Antoni Macierewicz usłyszał zarzuty. Chodzi o podkomisję smoleńską
W środę 3 września polityk PiS Antoni Macierewicz usłyszał zarzuty związane z działalnością podkomisji smoleńskiej. Chodzi m.in. o przekroczenie uprawnień i podrabianie dokumentów.
2025-09-03, 14:21
Antoni Macierewicz z zarzutami. Nie przyznał się do winy
Były minister obrony w rządzie Prawa i Sprawiedliwości w środę 3 września usłyszał zarzuty w Prokuraturze Krajowej. Chodzi o ujawnienia w latach 2018-2022 informacji niejawnych w związku z działalnością podkomisji smoleńskiej. Grozi za to do pięciu lat pozbawienia wolności. Przekazano, że Macierewicz nie przyznał się do winy i odmówił składania wyjaśnień. "W sprawie nie zachodziła potrzeba zabezpieczenia prawidłowego dalszego toku postępowania poprzez zastosowanie środków zapobiegawczych" - podał w komunikacie rzecznik Prokuratury Krajowej prok. Przemysław Nowak.

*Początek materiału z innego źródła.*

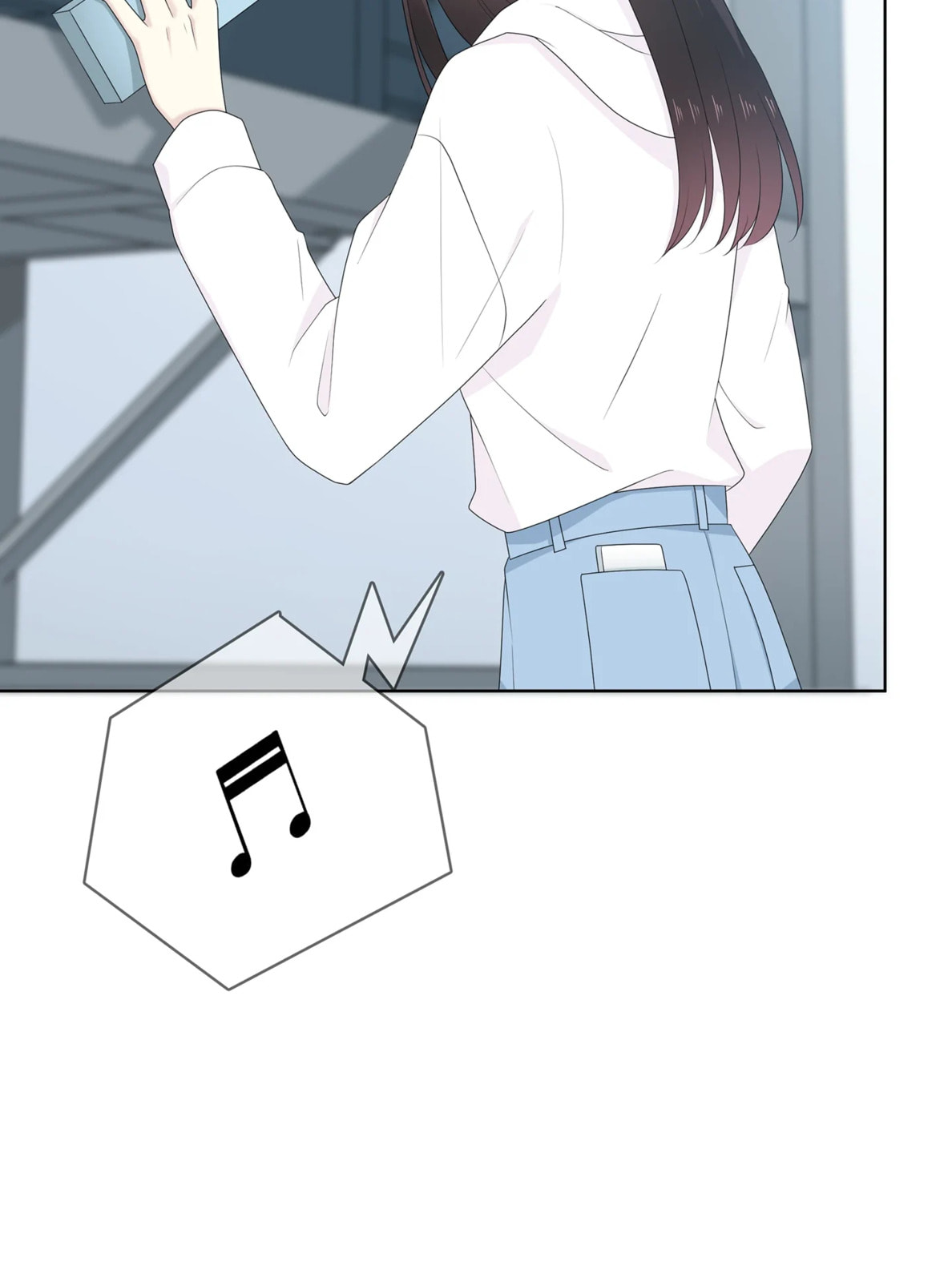Read Yexu, Weilai (Colored) chapter 108 image 13 on Lezhin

Prokuratorzy wskazali, że chodzi o informację niejawne o klauzuli "Ściśle tajne", "Tajne", "Poufne" i "Zastrzeżone" oraz innych chronionych danych dotyczących okoliczności i przyczyn katastrofy samolotu Tu-154 w Smoleńsku. Według prokuratury miało to nastąpić w związku z pełnioną funkcją przewodniczącego podkomisji smoleńskiej i członka Komisji Badania Wypadków Lotniczych Lotnictwa Państwowego.

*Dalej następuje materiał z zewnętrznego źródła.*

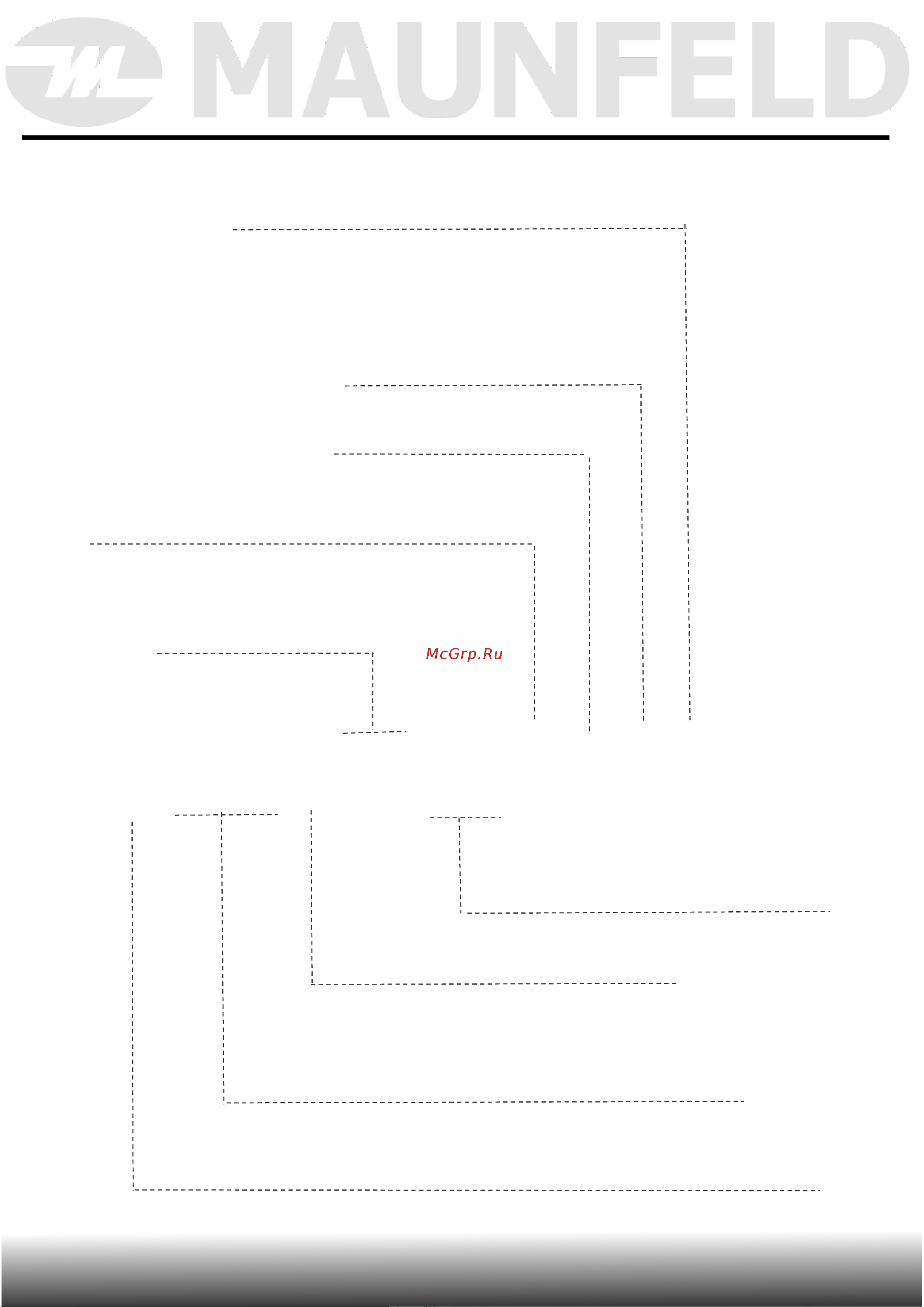 Maunfeld MCMO5013MDS [7/37] Mcmo5013mdgb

Zarzuty przekroczenia uprawnień i podrabiania dokumentów
Antoni Macierewicz usłyszał również zarzuty przekroczenia uprawnień, nieprawidłowego przechowywania tajnych materiałów, a także podrabiania dokumentów i poświadczenie nieprawdy. "Prokuratorzy z Zespołu Śledczego nr 4 Prokuratury Krajowej przedstawili Antoniemu Macierewiczowi, posłowi na Sejm RP i byłemu Ministrowi Obrony Narodowej, zarzut popełnienia przestępstwa ujawnienia informacji niejawnych, a następnie przesłuchali go w charakterze podejrzanego" - wyjaśnił prok. Nowak.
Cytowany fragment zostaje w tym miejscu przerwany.